**The task**
Using the records below, quote only the span that opens with the line containing "9586 S Colfax Ave, Chicago, IL 60617 photo 4" and closes with the line containing "Кроссовки adidas spezial", exactly and inclusively.

** Given data follows **

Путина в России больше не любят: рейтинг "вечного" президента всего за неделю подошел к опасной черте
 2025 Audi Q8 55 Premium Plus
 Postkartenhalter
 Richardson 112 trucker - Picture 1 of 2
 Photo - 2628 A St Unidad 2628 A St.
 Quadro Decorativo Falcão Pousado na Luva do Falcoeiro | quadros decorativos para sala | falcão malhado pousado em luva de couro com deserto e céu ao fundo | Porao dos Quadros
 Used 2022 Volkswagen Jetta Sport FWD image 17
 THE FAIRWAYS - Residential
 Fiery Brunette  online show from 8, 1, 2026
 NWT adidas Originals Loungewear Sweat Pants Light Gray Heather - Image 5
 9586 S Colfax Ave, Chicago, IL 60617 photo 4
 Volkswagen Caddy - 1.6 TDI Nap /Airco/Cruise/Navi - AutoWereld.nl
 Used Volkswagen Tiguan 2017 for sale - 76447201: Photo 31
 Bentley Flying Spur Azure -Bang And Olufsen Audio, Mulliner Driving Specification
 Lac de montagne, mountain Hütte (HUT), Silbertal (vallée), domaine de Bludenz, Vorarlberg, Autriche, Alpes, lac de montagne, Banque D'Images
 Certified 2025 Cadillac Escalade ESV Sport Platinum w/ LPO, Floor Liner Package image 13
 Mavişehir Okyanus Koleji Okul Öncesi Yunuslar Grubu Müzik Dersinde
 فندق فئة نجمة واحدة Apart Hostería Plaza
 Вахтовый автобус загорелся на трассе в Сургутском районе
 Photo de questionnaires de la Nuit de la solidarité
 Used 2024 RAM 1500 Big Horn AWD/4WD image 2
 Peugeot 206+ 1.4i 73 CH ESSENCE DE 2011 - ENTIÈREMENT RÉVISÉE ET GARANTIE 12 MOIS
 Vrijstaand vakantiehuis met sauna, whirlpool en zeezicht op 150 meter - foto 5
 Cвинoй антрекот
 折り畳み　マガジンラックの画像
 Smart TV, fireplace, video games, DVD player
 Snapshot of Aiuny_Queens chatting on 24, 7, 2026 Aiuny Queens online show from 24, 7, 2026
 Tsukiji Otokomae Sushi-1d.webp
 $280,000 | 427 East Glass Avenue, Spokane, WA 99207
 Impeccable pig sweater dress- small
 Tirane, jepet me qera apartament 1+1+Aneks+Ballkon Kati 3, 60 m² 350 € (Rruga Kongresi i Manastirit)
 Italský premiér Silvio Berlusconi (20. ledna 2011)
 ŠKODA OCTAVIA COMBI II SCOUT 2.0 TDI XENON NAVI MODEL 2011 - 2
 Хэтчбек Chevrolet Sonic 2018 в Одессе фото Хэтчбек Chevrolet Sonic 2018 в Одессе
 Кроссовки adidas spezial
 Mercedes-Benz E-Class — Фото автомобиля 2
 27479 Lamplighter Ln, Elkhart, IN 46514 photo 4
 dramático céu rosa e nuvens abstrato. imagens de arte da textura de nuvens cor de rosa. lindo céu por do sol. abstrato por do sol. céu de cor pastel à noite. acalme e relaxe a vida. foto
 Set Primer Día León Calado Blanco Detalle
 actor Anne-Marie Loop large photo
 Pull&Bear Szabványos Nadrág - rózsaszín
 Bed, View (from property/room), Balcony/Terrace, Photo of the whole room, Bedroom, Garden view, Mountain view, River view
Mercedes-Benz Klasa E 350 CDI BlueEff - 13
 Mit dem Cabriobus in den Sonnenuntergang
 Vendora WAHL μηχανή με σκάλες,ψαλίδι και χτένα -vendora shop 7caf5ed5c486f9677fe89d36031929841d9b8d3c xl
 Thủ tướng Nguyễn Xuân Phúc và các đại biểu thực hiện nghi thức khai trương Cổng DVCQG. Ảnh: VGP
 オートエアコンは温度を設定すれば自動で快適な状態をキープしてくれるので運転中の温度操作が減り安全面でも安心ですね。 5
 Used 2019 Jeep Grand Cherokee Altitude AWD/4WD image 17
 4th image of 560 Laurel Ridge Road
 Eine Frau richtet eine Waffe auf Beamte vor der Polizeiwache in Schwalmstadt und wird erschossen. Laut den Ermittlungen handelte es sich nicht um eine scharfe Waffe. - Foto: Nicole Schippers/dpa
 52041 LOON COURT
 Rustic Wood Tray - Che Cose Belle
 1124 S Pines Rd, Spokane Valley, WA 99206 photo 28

** End of Given data **

**Solution for this exercise**
 9586 S Colfax Ave, Chicago, IL 60617 photo 4
 Volkswagen Caddy - 1.6 TDI Nap /Airco/Cruise/Navi - AutoWereld.nl
 Used Volkswagen Tiguan 2017 for sale - 76447201: Photo 31
 Bentley Flying Spur Azure -Bang And Olufsen Audio, Mulliner Driving Specification
 Lac de montagne, mountain Hütte (HUT), Silbertal (vallée), domaine de Bludenz, Vorarlberg, Autriche, Alpes, lac de montagne, Banque D'Images
 Certified 2025 Cadillac Escalade ESV Sport Platinum w/ LPO, Floor Liner Package image 13
 Mavişehir Okyanus Koleji Okul Öncesi Yunuslar Grubu Müzik Dersinde
 فندق فئة نجمة واحدة Apart Hostería Plaza
 Вахтовый автобус загорелся на трассе в Сургутском районе
 Photo de questionnaires de la Nuit de la solidarité
 Used 2024 RAM 1500 Big Horn AWD/4WD image 2
 Peugeot 206+ 1.4i 73 CH ESSENCE DE 2011 - ENTIÈREMENT RÉVISÉE ET GARANTIE 12 MOIS
 Vrijstaand vakantiehuis met sauna, whirlpool en zeezicht op 150 meter - foto 5
 Cвинoй антрекот
 折り畳み　マガジンラックの画像
 Smart TV, fireplace, video games, DVD player
 Snapshot of Aiuny_Queens chatting on 24, 7, 2026 Aiuny Queens online show from 24, 7, 2026
 Tsukiji Otokomae Sushi-1d.webp
 $280,000 | 427 East Glass Avenue, Spokane, WA 99207
 Impeccable pig sweater dress- small
 Tirane, jepet me qera apartament 1+1+Aneks+Ballkon Kati 3, 60 m² 350 € (Rruga Kongresi i Manastirit)
 Italský premiér Silvio Berlusconi (20. ledna 2011)
 ŠKODA OCTAVIA COMBI II SCOUT 2.0 TDI XENON NAVI MODEL 2011 - 2
 Хэтчбек Chevrolet Sonic 2018 в Одессе фото Хэтчбек Chevrolet Sonic 2018 в Одессе
 Кроссовки adidas spezial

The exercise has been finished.